Capital comedy success comes to Glasgow

Capital comedy success comes to Glasgow

AS Glasgow Comedy Festival moves into top gear, it is a chance for people to catch up with some of the shows that wowed the critics at the Edinburgh Fringe last year.

Tonight at Oran Mor, Sean Hughes explores a young man's circumscribed world of love, and relationships for a young man, with the help of an eccentric collection of props, in Penguins.

It was a comeback that won the comedian a Herald Angel award in the first week of our prizes last August, presented to him by John Lloyd, a chap who has been behind a few classic comedies himself.

"Over the years he has crafted philosophy and art from life's little failures, and Penguins is him at his funniest and most profound," wrote Alan Morrison last summer when Hughes returned to the Fringe and to the Gilded Balloon.

glasgowcomedyfestival.com

Lunchtime music treat

THIS week's Westbourne Music concert at Glasgow's Merchants House, off George Square, is one of the lunchtime chamber music season's periodic trips off-piste to encompass jazz.

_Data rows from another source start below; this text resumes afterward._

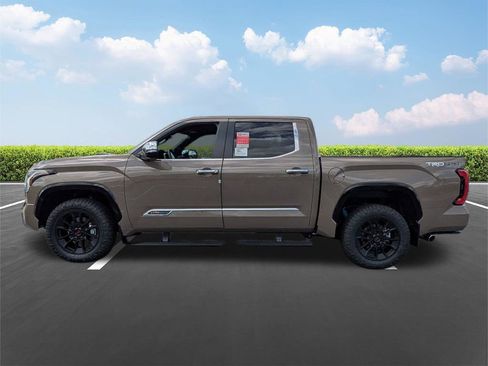 New 2026 Toyota Tundra 1794 Edition w/ TRD Off-Road Package AWD/4WD image 7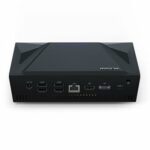 Mini PC Linux Windows 10/11 Pro 4K HD Triple Display DP/Type-C, WiFi6, BT5.2, Gigabit Ethernet, Core i7-10870H 8GB DDR4 512GB SSD Micro PC Suppor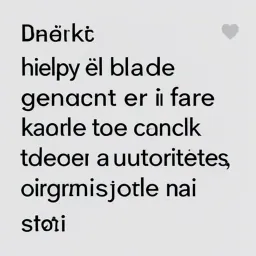 Hei mamma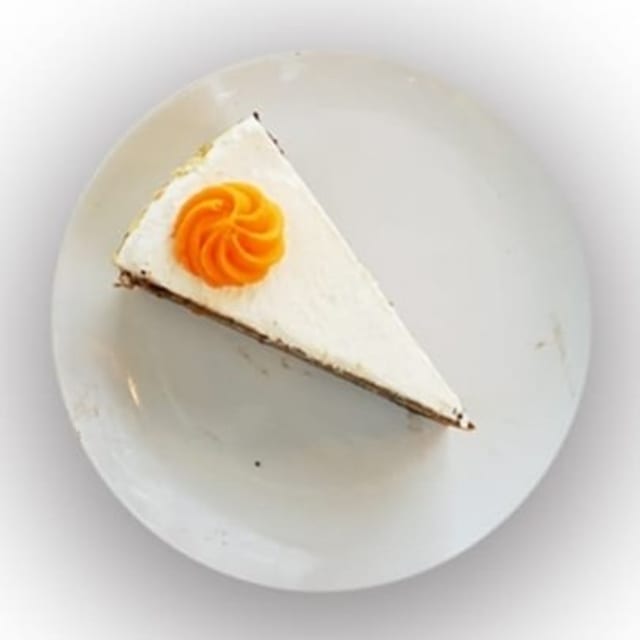 Carrot Cake.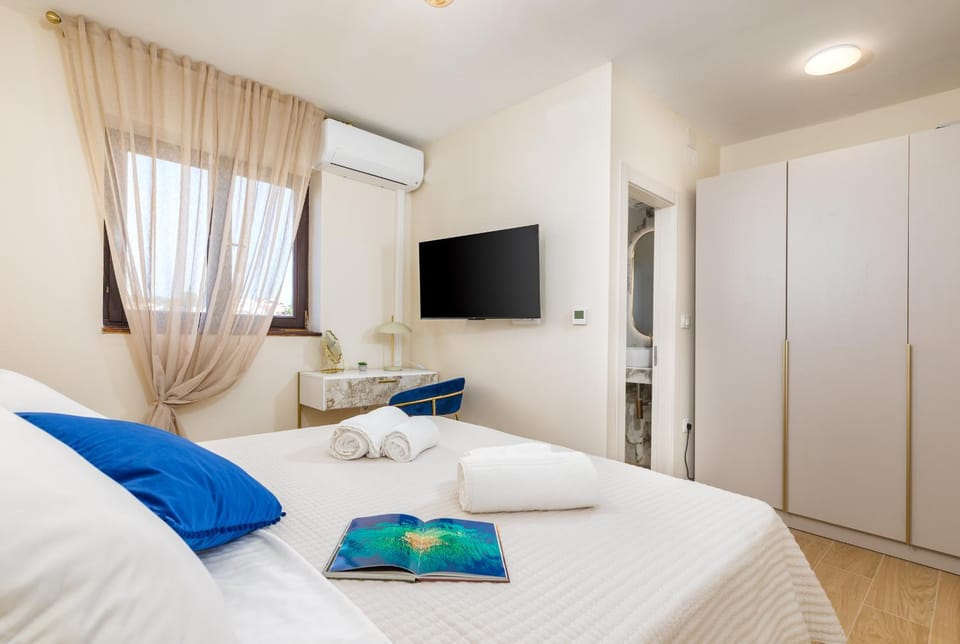 Wine house apartments & rooms Marčeta Apartment in Fažana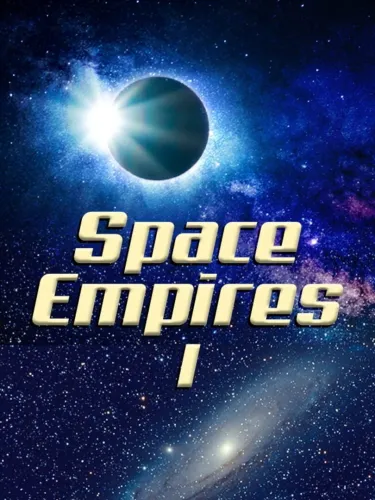Portada de Space Empires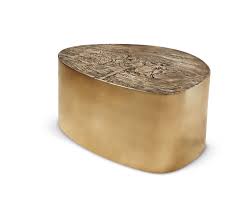 Albeo I Cast Brass Coffee Table Contemporary Transitional Mid Century Modern Coffee Brass Coffee Table Contemporary Coffee Table Types Of Coffee Tables
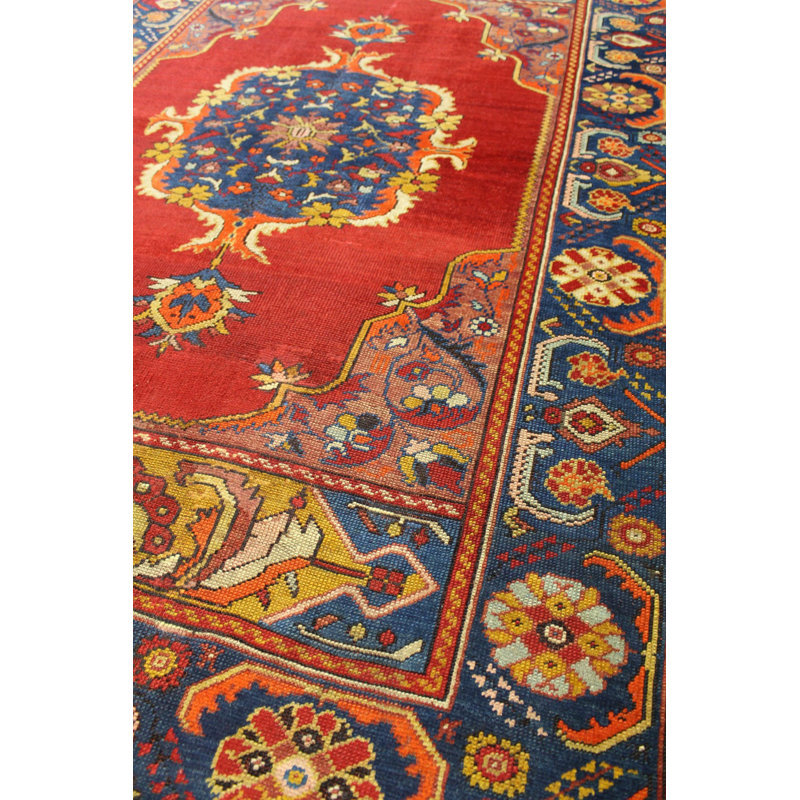 Oushak One-of-a-Kind 5' X 7'8" Area Rug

At the piano is Steve Hamilton, one of Tommy Smith's earliest keyboard partners who still regularly fills that role with the Scottish National Jazz Orchestra. His trio also includes the SNJO's star drummer Alyn Cosker and is completed by bassist Euan Burton. A mosaic of original music, composed by the band members, and tunes by Ralph Towner and Duke Ellington is promised. It takes place on Thursday at 12.45pm.

westbournemusic.com

Improvising trio are on the bill

THE Click Clack Club continues to offer Edinburgh's adventurous music audience a varied programme in its monthly presentations at Henry's Cellar Bar. Thursday sees club founders Steve Kettley (saxophone), Dave Conway (bass guitar) and Des Travis (drums) reforming their improvising trio Snibbo on a bill that also features singer-guitarist Colin Donati and cellist Robin Mason's Various Moons and funksters New Urban Frontier. Doors open at 8pm.